Basically, as it stands right now, VM solutions are another, we may say easier approach to advance the system architecture. Most of the things that a VM offers can be done more efficiently by the OS, but are hard to do properly in practice. Containers, user mode drivers, application consistent snapshoting, etc., are evolving, but not to the extent that VMs can be replaced. In the meantime, VMs introduce agents, paravirtualization, etc., to get help from the OS and perform their surrogate function more efficiently. OS vendors, on the other hand, are becoming more focused on making competitive virtualization offering and work on the paravirtualization front, non-blocking synchronization, etc. The result is a merger between the OS and virtualization technology. OSes subsume virtualization and it becomes indivisible aspect of their offering.

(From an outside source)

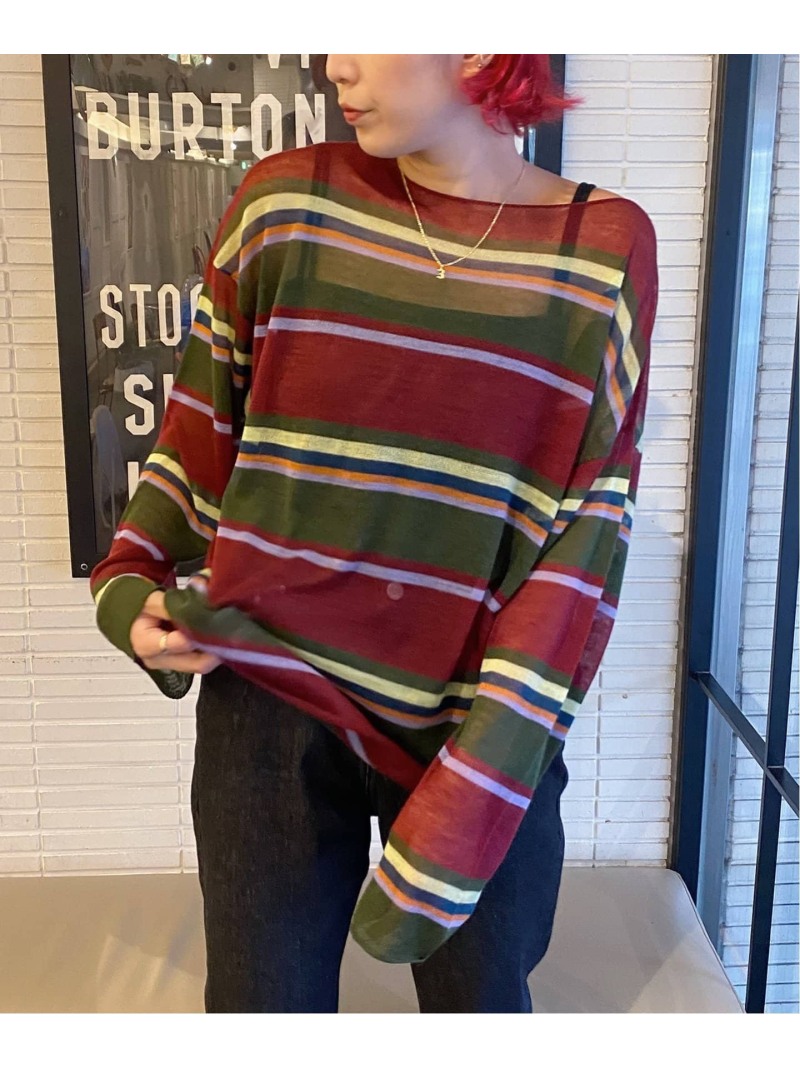 マルチボーダールーズニット Multi Border Loose Knit JOURNAL STANDARD ジャーナル スタンダード ニット  ニットその他 ネイビー レッド Rakuten Fashion 販売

The point I'm trying to make is that we can use virtualization as example of practical microkernel architecture right now. At least, to some extent. This also applies to other kernel features that "could have been" and have migrated to VM features instead.

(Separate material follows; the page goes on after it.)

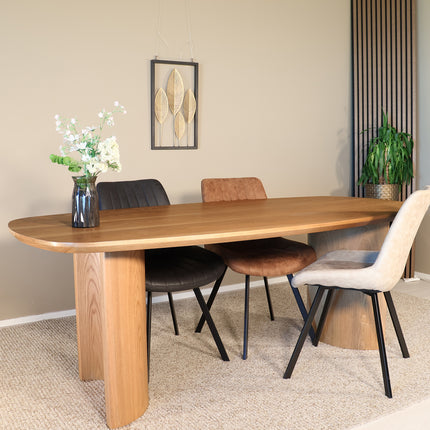 Eettafel Japandi Lennox deens ovaal 210cm bruin fineer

Whenever there's some form of isolation between pieces you need some form of IPC to "punch through" the isolation, regardless of whether that IPC is some form of messaging, or something like RPC (Remote Procedure Call).
This is how virtualization implements isolation. The guest VM and device driver VM communicate messages. The driver stack suffers communication overhead, no matter what the kernel architecture. Basically, for that commonplace "enterprise" setup, savings from monolithic kernel design are somewhat debatable. A counterpoint can be made. File system drivers, network protocols, encryption drivers, etc., live in the guest VM and usually forward requests without queuing. Low-level hardware drivers that live in the driver VM benefit queuing to optimize the request schedule, utilize parallelism, and enforce QoS policies. So, with VMs, the two types of drivers communicate messages on a natural boundary, whereas a general microkernel architecture I assume penalizes all driver interactions with message based communication. Unless the protocol drivers can be loaded as stateless shared code in the process of the device drivers?
Not so. When you have "small address spaces" (or isolation with segmentation), you break the isolation by long jumps, and you access external data by accessing new address spaces or by loading new selectors.
In all honesty, I am starved on the x86 protection mechanisms. Will such approach require trap into the kernel before the long jump? I mean, how is the long jump restricted to a proper entry point? I ask, because I have wondered if approach like this can be used for IPC. Especially now, that the address space is large enough to accommodate some applications many times over. I thought, multiple applications could load as a group in the same address space and communicate through traps of sorts. The problem is how to enforce the entry points with sufficiently low overhead to make this useful. Also, it is also not suitable when you map files TBs in size, so the code would probably be given some restrictions. Since the segmentation has been nerfed in x64, this entire premise is somewhat lacking perspective there.